История совсем про другое, и она объясняет личность Бодрова лучше, чем многие реальные факты его биографии. После «Сестер» она неожиданна. «Сестры», по-моему, были высшим достижением Бодрова в кинематографе — здесь ему удалось нечто принципиально новое, более важное, чем актерская работа в «Братьях». С «Братьев» и приходится начинать, поскольку именно после них Сергей Бодров стал Культовым Русским Героем. Именно они не только дали ему стартовый капитал зрительской любви (который, впрочем, можно было и профукать первой же провальной картиной), но и поставили перед труднейшей задачей — личное высказывание с такого пьедестала неизбежно поверялось бы образом Данилы Богрова, и надо было дистанцироваться от него, сохранив кредит зрительского доверия. Остаться Данилой, перестав быть им, — задача, по сути, невыполнимая. Тем интереснее, как Бодров с ней справился.
2
«Кавказский пленник», несмотря на участие упомянутого Меньшикова, культовой картиной не стал — именно из-за пресловутой политкорректности: настоящей драмой войны там и не пахло, Ариф Алиев как сценарист вообще наделен феноменальной способностью превращать любую живую реальность в кусок картона, не зря именно его выбрали сценаристом нового фильма Хотиненко «1612», но это к слову.

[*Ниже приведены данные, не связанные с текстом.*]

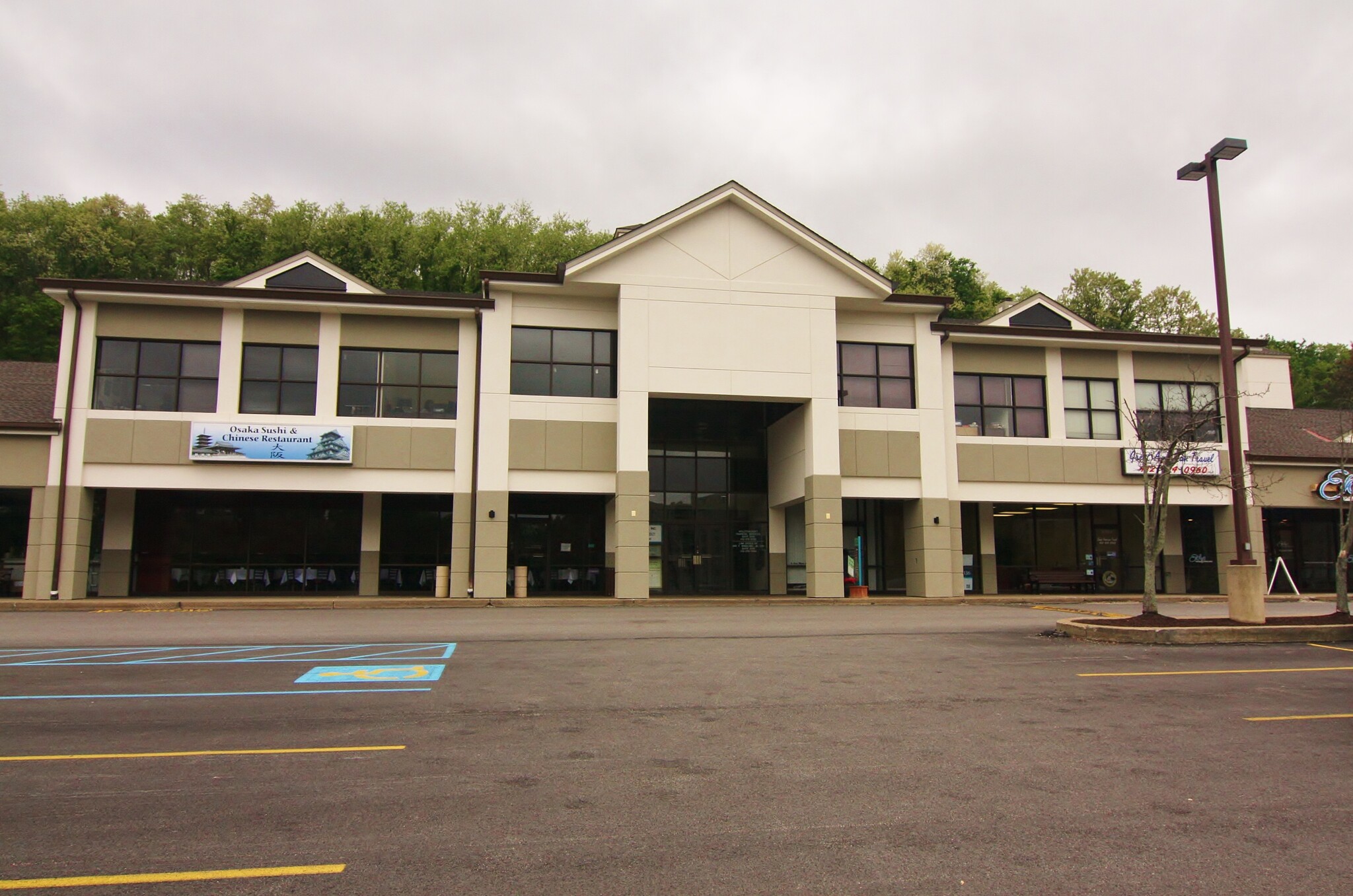 2101 Greentree Rd, Pittsburgh, PA for lease Building Photo- Image 1 of 3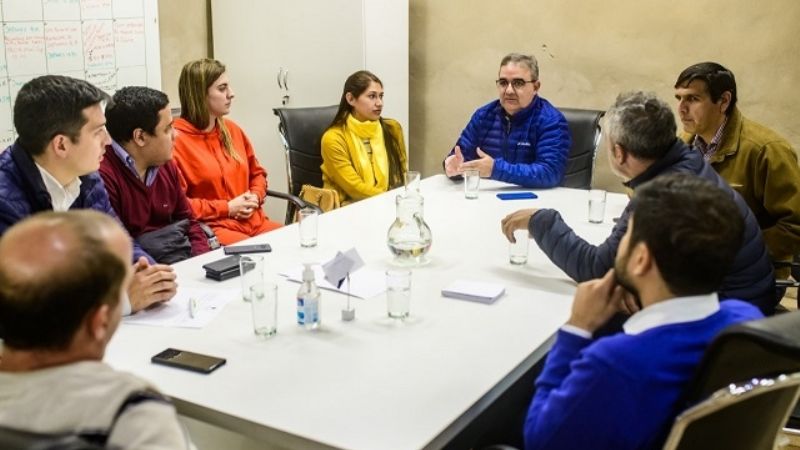 Jalil se reunió con concejales  por agenda parlamentaria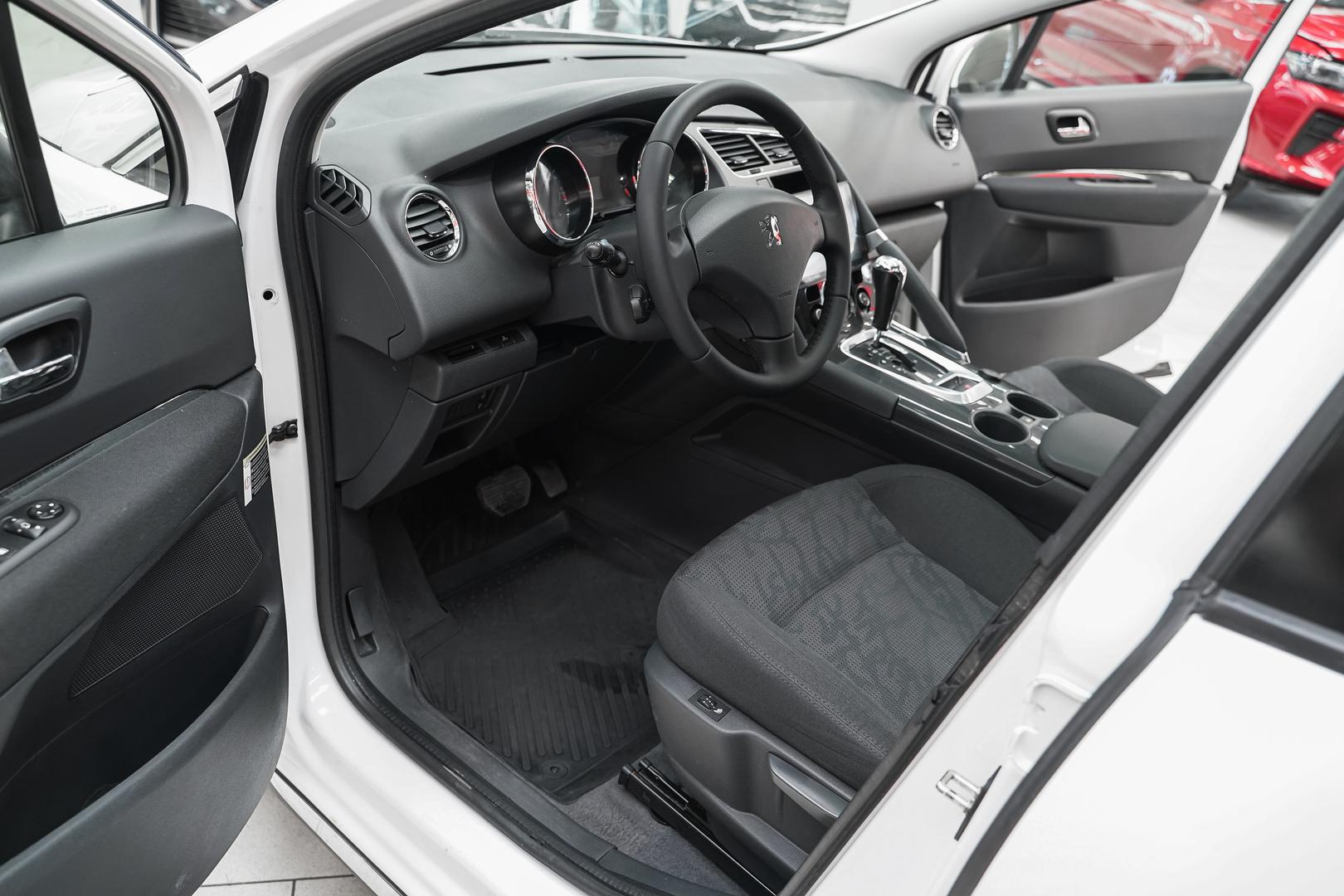 Peugeot 3008 2012, белый, ДЦ Орехово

В картине хорошие русские парни противостояли хорошим чеченским, никто не был виноват, все это было рассчитано на Европу и потому останется в истории кино лишь как первое появление Бодрова-младшего на большом экране.
Ремейк этой истории — тоже с пленным офицером, на этот раз настоящим, — пришлось в результате делать все тому же Алексею Балабанову, и он-то, ничего и никого не боящийся, показал прочему миру, как надо снимать про войну. Война идет, не расслабляйтесь, хорошим в ней не бывает никто. Сергей Бодров там сыграл того, кого так и не сумел изобразить культовый Меньшиков: хороша или плоха картина — вопрос отдельный (по-моему, очень плоха), но стартовая установка тут как минимум более плодотворна. В «Пленнике» единственным живым персонажем был как раз бодровский салабон, а единственным запоминающимся эпизодом — его безнадежное противоборство с чеченским борцом: «Аааааа!» — «Ой, боюсь, боюсь, какой страшный».
Бодров там ставил вопрос, на который ему потом придется отвечать всю жизнь: на какой твердыне, вокруг какого стержня может собрать себя молодой человек, выросший на руинах? Чего ради ему воевать, за что гибнуть, во имя чего оставаться человеком? Что в нем осталось незыблемого после того, как рухнули все искусственные скрепы?
Кстати сказать, этот вопрос до сих пор без ответа — не в тыща же шестьсот двенадцатом году искать неотменимую нравственную твердыню, на которой должно быть сегодня основано наше, с позволения сказать, самостояние. Можно залакомить, залакировать пустоту гламуром, но обнаружить сколь-нибудь различимый нравственный стержень в русской дряблой трясине до сих пор не удается, потому ни одна конструкция на этом болоте и не стоит дольше ста лет. «Брат» потому и сделался главным кино 90-х, потому и примирил в этом смысле всех — эстетов, быдло, почти отсутствующий средний класс, — что давал надежду: доказывал, что и в этом безжизненном пространстве, где все символы ничего больше не значат, где обитают главным образом пустоголовые тусовщицы, полусгнившие бомжи и гниды, возможен Герой с большой буквы.
Построен он был, конечно, на самой глубокой архаике: Виктория Белопольская тогда точно написала, что последней нескомпрометированной ценностью осталось буквальное родство. Ты мне брат, а вот он — не брат. Все продано, все предают друг друга, но вот это — последнее, на чем можно удержаться. Тогда же Илья Кормильцев говорил о том, что архаика — единственный путь к новой серьезности. Правда, у архаики свои минусы: она, например, никак не соотносится с христианством. С точки зрения архаических ценностей убийство — никакой не грех, а норма, условие собственного выживания, и Данила Богров убивал легко, без угрызений и удовольствия. Но он, по крайней мере, выживал в этом мире и давал какую-то надежду; он был то новое, ради чего все. По вымороченному балабановскому Петербургу туда-сюда сновал пустой трамвай — пустой в буквальном смысле, лишенный всякой начинки: лучший кинематографический символ эпохи за последние двадцать лет. Но он ездил, не стоял.
«Брата-2» многие числили по разряду эпатажа, называли даже пародией на «Брата-1». На самом деле там содержалось важное дополнение к предыдущему диагнозу. Бодровский воин, не стесненный никакими нравственными запретами, управляемый лишь простейшими инстинктами родства и боевого товарищества, оказывался практически непобедим: сама Америка, оплот западной цивилизации, под ним трещала.